■ **YOUR INSTRUCTIONS**
Return the following from the records below: each line, word for word, starting with the line that contains "Broodtrommel Wit - Lunchbox" and going on through the line that contains "Perna decorativa, BRKRLNT-2, 43x43", with nothing outside that range.

■ **EXERCISE INPUT**
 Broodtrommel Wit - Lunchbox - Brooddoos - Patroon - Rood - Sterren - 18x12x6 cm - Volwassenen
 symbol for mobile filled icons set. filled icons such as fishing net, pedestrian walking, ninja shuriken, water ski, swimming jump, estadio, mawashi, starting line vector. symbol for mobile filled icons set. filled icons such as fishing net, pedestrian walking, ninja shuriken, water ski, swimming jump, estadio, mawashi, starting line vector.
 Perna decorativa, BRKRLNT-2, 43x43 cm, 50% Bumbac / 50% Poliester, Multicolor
==
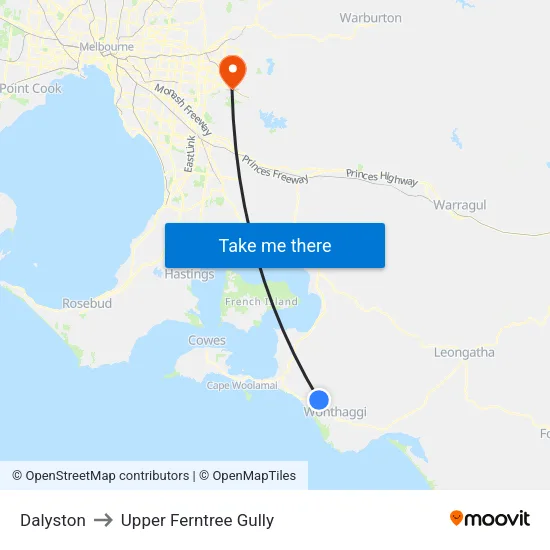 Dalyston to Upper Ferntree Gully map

■ **ANSWER FOR THE TASK**
 Broodtrommel Wit - Lunchbox - Brooddoos - Patroon - Rood - Sterren - 18x12x6 cm - Volwassenen
 symbol for mobile filled icons set. filled icons such as fishing net, pedestrian walking, ninja shuriken, water ski, swimming jump, estadio, mawashi, starting line vector. symbol for mobile filled icons set. filled icons such as fishing net, pedestrian walking, ninja shuriken, water ski, swimming jump, estadio, mawashi, starting line vector.
 Perna decorativa, BRKRLNT-2, 43x43 cm, 50% Bumbac / 50% Poliester, Multicolor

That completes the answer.